-- Aim of the task --
All records below must be written out exactly, with the pictures excluded.

-- Material shown --
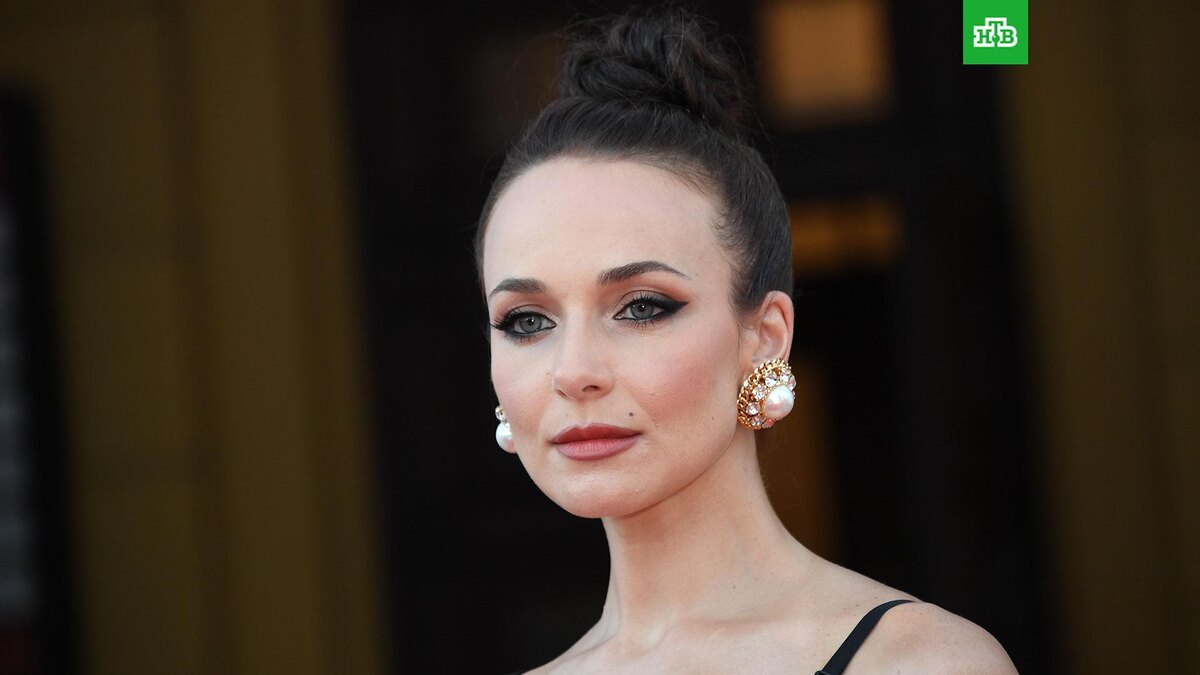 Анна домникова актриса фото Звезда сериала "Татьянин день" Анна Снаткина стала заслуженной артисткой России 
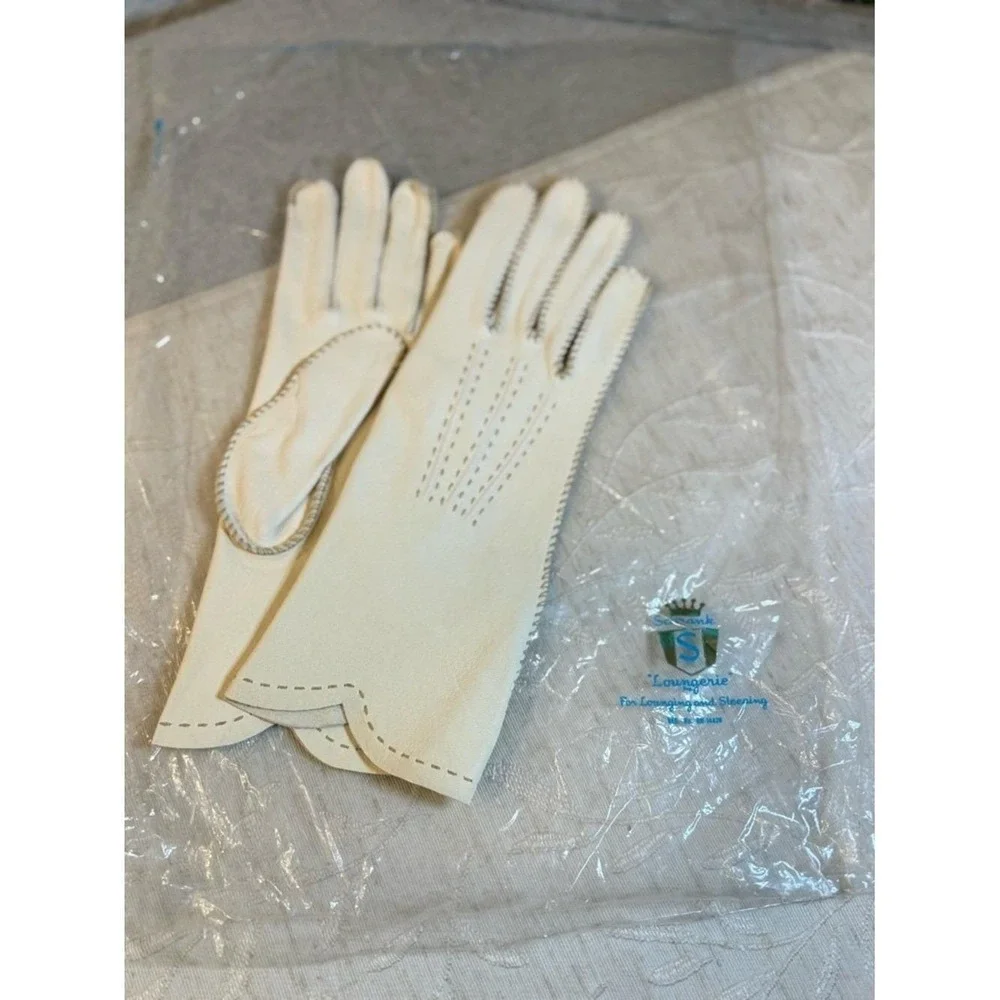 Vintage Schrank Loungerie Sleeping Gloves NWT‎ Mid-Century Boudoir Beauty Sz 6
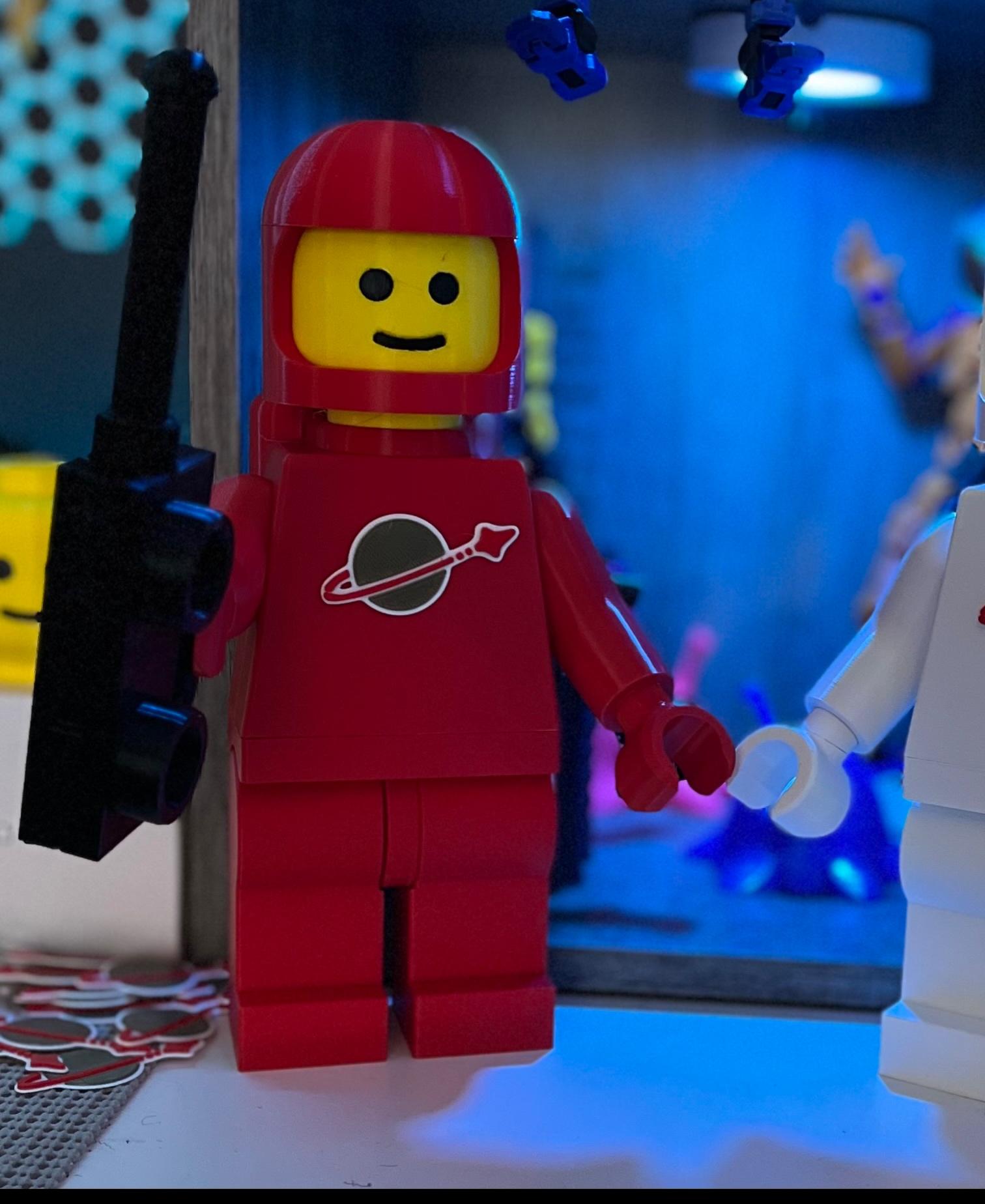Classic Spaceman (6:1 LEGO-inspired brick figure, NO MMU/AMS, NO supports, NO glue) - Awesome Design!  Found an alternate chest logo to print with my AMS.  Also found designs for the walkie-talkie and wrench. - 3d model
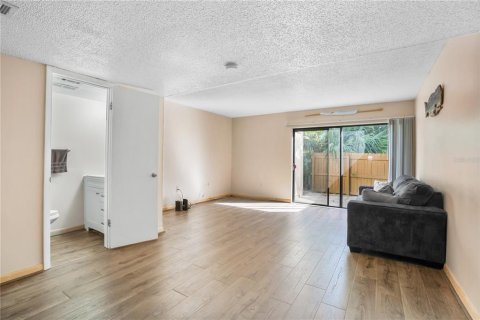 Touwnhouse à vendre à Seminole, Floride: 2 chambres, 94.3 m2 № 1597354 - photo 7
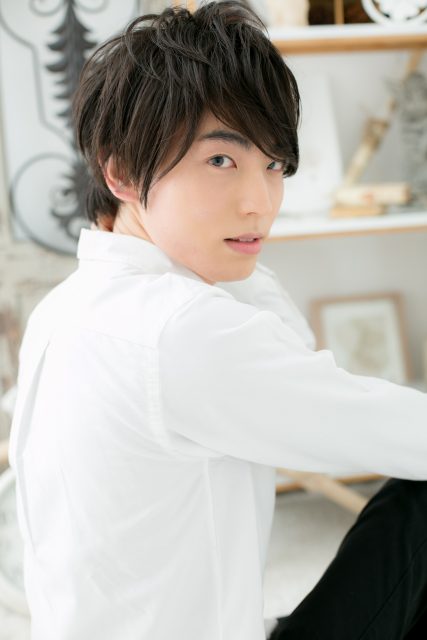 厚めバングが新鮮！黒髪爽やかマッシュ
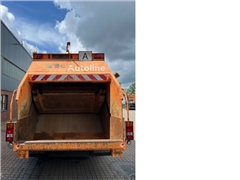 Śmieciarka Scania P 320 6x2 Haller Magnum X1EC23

-- Expected answer --
 Анна домникова актриса фото Звезда сериала "Татьянин день" Анна Снаткина стала заслуженной артисткой России 
 Vintage Schrank Loungerie Sleeping Gloves NWT‎ Mid-Century Boudoir Beauty Sz 6
Classic Spaceman (6:1 LEGO-inspired brick figure, NO MMU/AMS, NO supports, NO glue) - Awesome Design!  Found an alternate chest logo to print with my AMS.  Also found designs for the walkie-talkie and wrench. - 3d model
 Touwnhouse à vendre à Seminole, Floride: 2 chambres, 94.3 m2 № 1597354 - photo 7
 厚めバングが新鮮！黒髪爽やかマッシュ
 Śmieciarka Scania P 320 6x2 Haller Magnum X1EC23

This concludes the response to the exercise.